Hi, there! Welcome to Zhengjia Xu's page!

Personal Toy Porjects

1. Didide: A toy project for Chinese character correcting

Image source: ABC MANDARIN MISSION

Didide is a project created by me to correct the misuse of the homophones 的, 地, and 得, which are often confused by beginners of Chinese and those who are careless. Source code can be found at GitHub.

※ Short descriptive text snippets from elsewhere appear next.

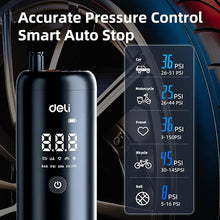 Load image into Gallery viewer, Deli Tire Inflator Air Compressor Portable, 2X Faster Inflation Cordless Bike Pump, 150PSI Tire Pump for Car Tire Motorcycle and Bicycles with LED Dual Screen, Black
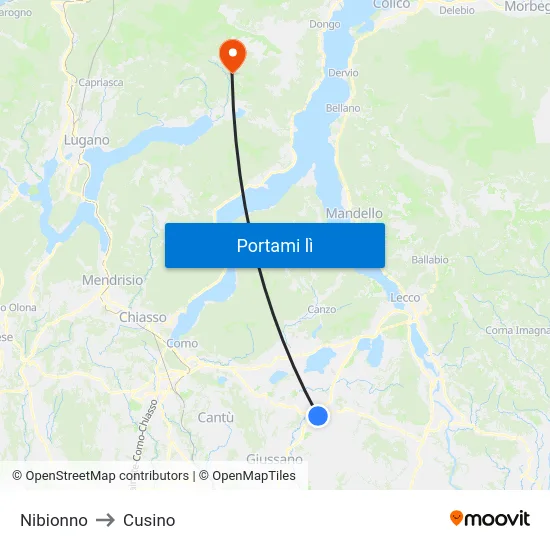 Nibionno to Cusino map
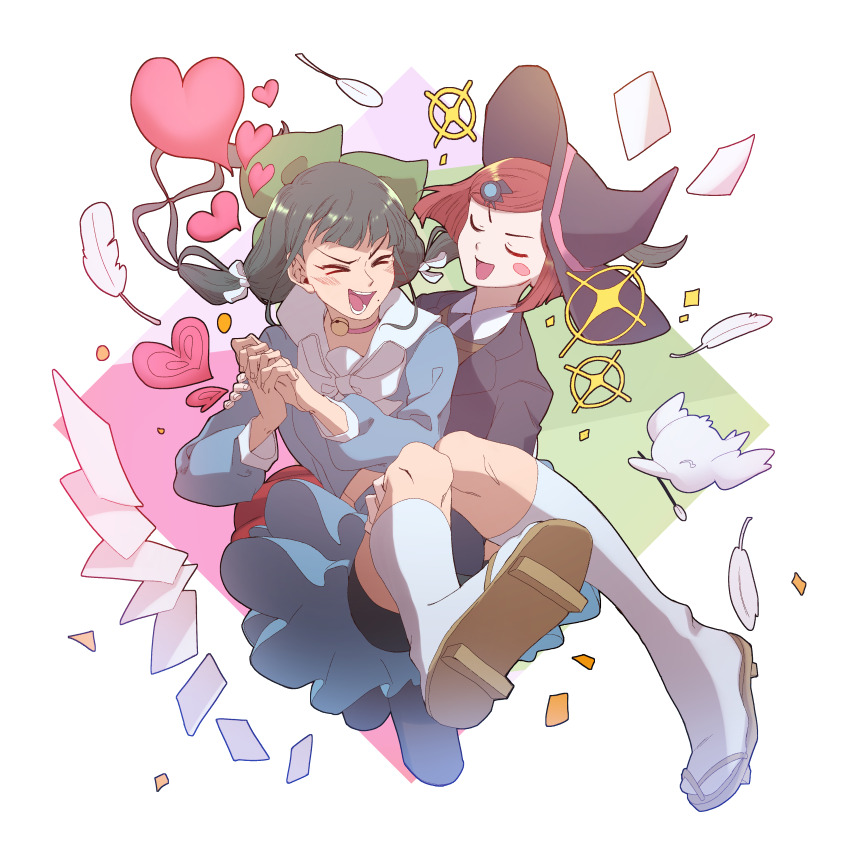 &gt;_&lt; 2girls absurdres bell bird black_hair black_hat black_jacket blue_shirt blue_skirt blush blush_stickers chabashira_tenko closed_eyes collared_shirt commentary_request danganronpa_(series) danganronpa_v3:_killing_harmony feathers geta green_ribbon hair_ribbon hat heart highres jacket long_hair mole mole_under_mouth multiple_girls neck_bell open_mouth own_hands_together paper red_hair ribbon sandals school_uniform serafuku shirt short_hair skirt smile socks sparkle teeth white_feathers white_ribbon white_socks witch_hat yogurt904 yumeno_himiko yuri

python playground.py "我觉的我烦的有点难过,因为我得培根忘记吃了" "didide_model.pt"
# the output'd be: 我觉得我烦得有点难过,因为我的培根忘记吃了
python playground.py "我觉的我烦的有点难过,因为我得培根忘记吃了,而且这种东西得营养一般般,但是好吃的哟!我天天早上开心的享受它的味道,开心的受不鸟哩!我咔咔的吃,吃的要满嘴流油 ,哈哈哈,痛快放肆的吃" "didide_model.pt"
# the output'd be: 我觉得我烦得有点难过,因为我的培根忘记吃了,而且这种东西的营养一般般,但是好吃的哟!我天天早上开心地享受它的味道,开心得受不鸟哩!我咔咔地吃,吃得要满嘴流油,哈哈哈,痛快放肆地吃
python playground.py "我要飛的更高,測試一下繁體預測的對不對,分類的還不錯"# the output'd be: 我要飛得更高,測試一下繁體預測的對不對,分類得還不錯# also works well with traditional Chinese. Yeah, it's because they have same input ids actually.

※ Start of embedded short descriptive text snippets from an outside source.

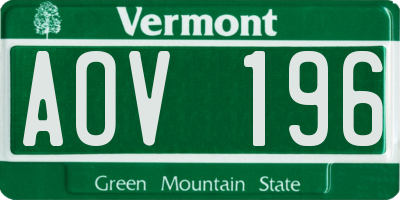 VT license plate AOV196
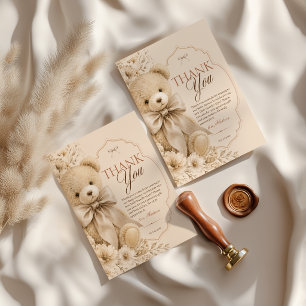 Baby Shower Thank You Card Beige Neutral Teddy Bea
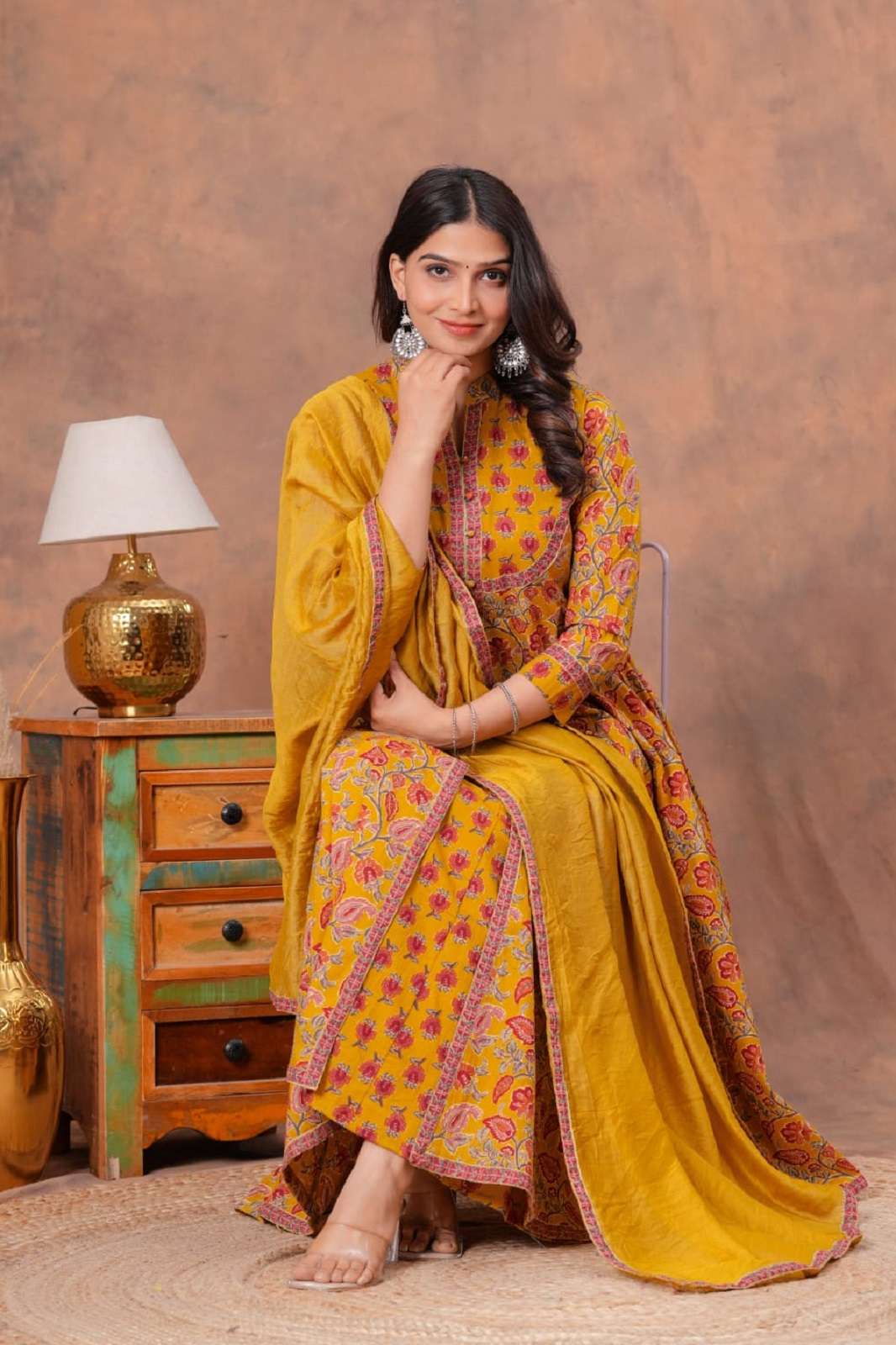 SHRI BALAJI NEW LAUNCH COTTON READY TO WEAR ANARKALI KURTIES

The motivation for me to do the project was to try to make a real-world application with my software knowledge. Since the Chinese characters 的, 地, 得 share the same pinyin “de” in Mandarin, so it’s easy to type wrong. The misuse of the three characters is very common on the Internet, sometimes even generating ambiguity. Though seems most people think that it’s not a big deal, I still prefer using the correct grammar. So, I wrote this toy project. The project is not perfect, but it’s still a good start for me to learn how to make a real-world application with programming.

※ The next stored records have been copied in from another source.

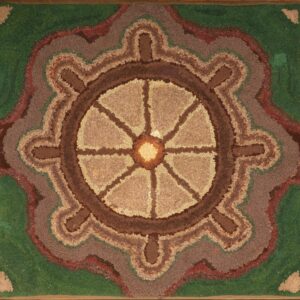 American Hooked Wool Rectangle Moss Green Earth Tones Abstract Corner Motifs Design Rug by Rugs On Net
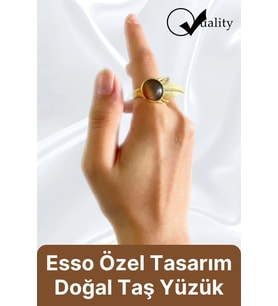 Özel Üretim Altın Pirinç Kaplama Vintage Görünümlü Şık Tasarımlı Ayarlanabilir Doğal Taş Kadın Yüzük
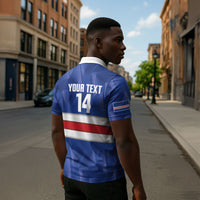 Cabo Verde Football 2026 Custom Zipper Polo Shirt Forca Tubaroes Azuis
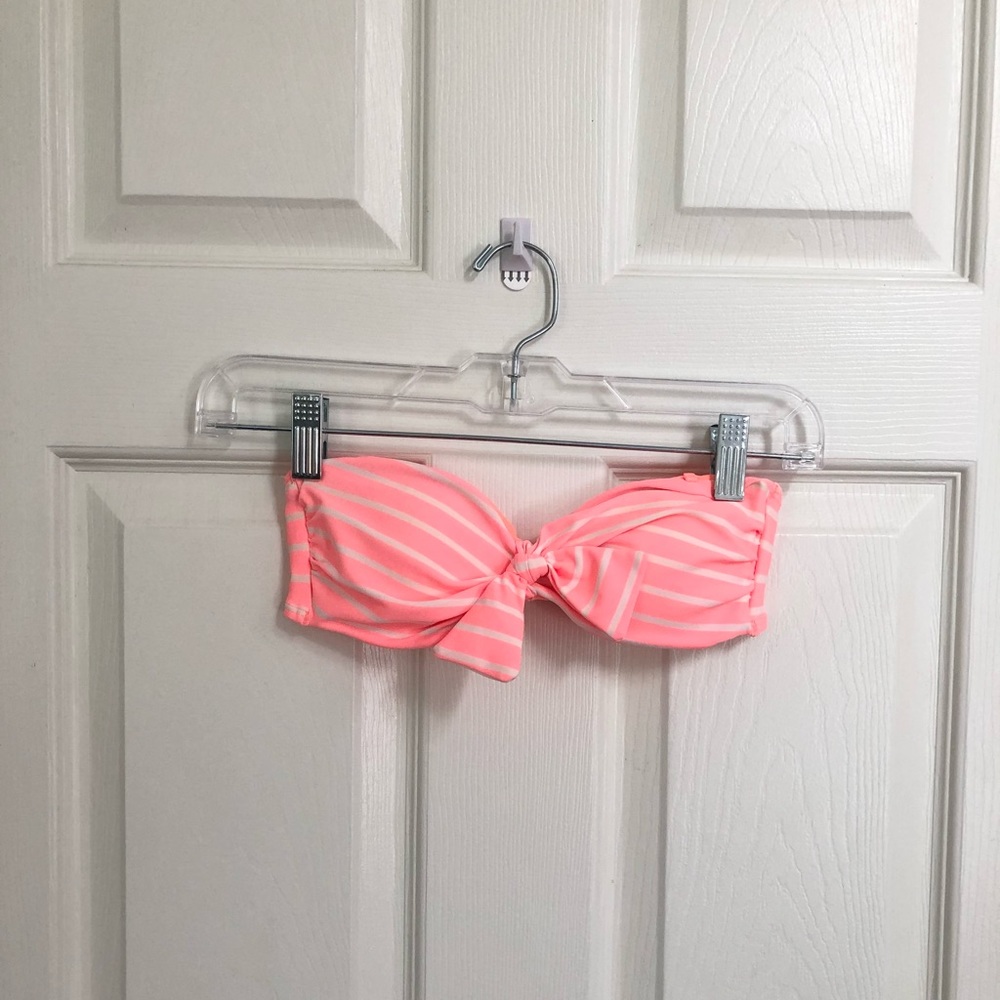 Aerie XS Coral/White Striped Strapless Bikini Top - Picture 1 of 5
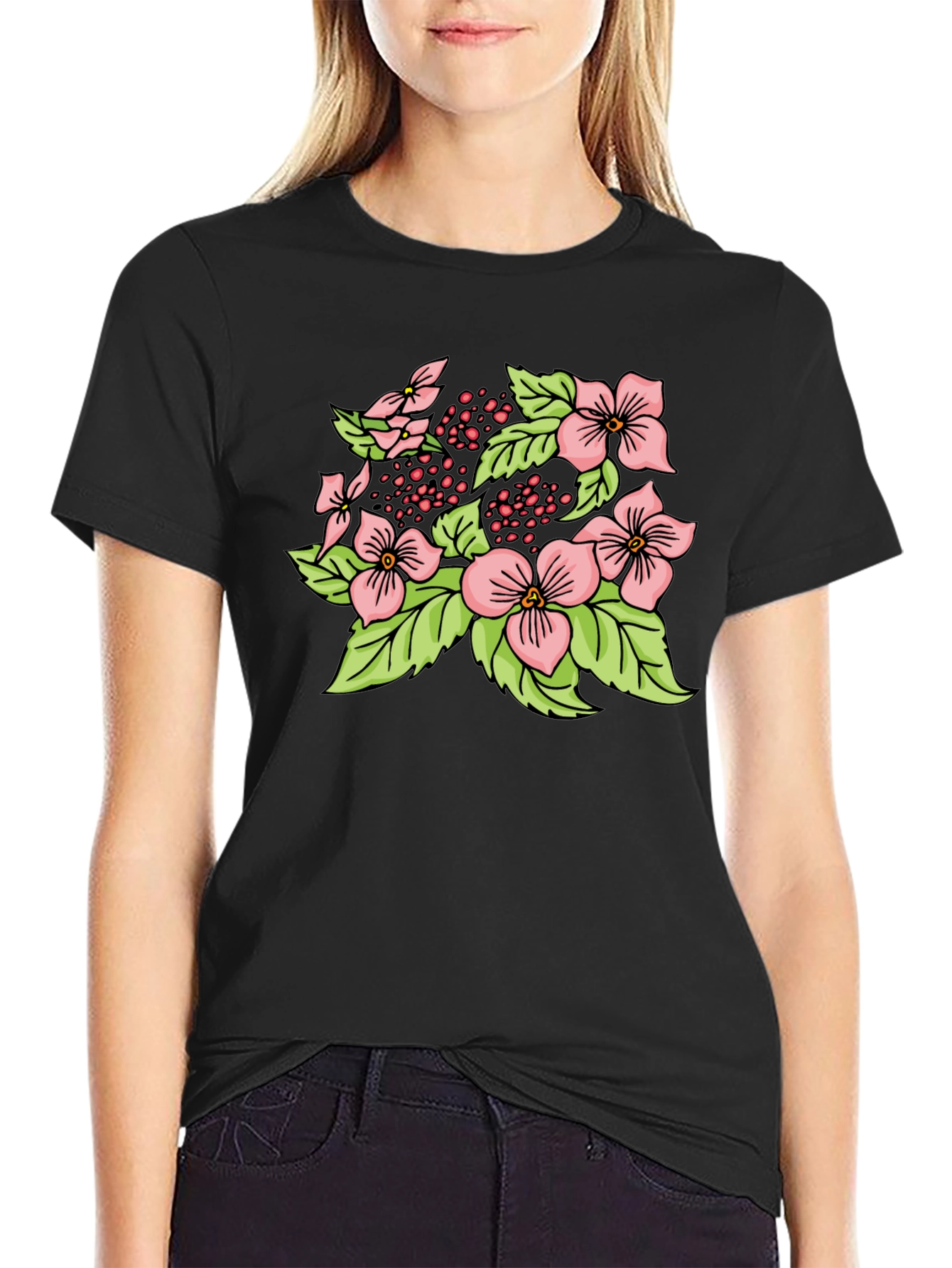Black Floral Print Black T-Shirt view 2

2. Shutheblanksup: a VSCode extension

When I first started programming, I didn’t like the spaces that appeared after the IDE reformatted the code, so I wrote this extension, which can delete those spaces. But now I’m used to these spaces, in fact, I even write the spaces to format codes manually.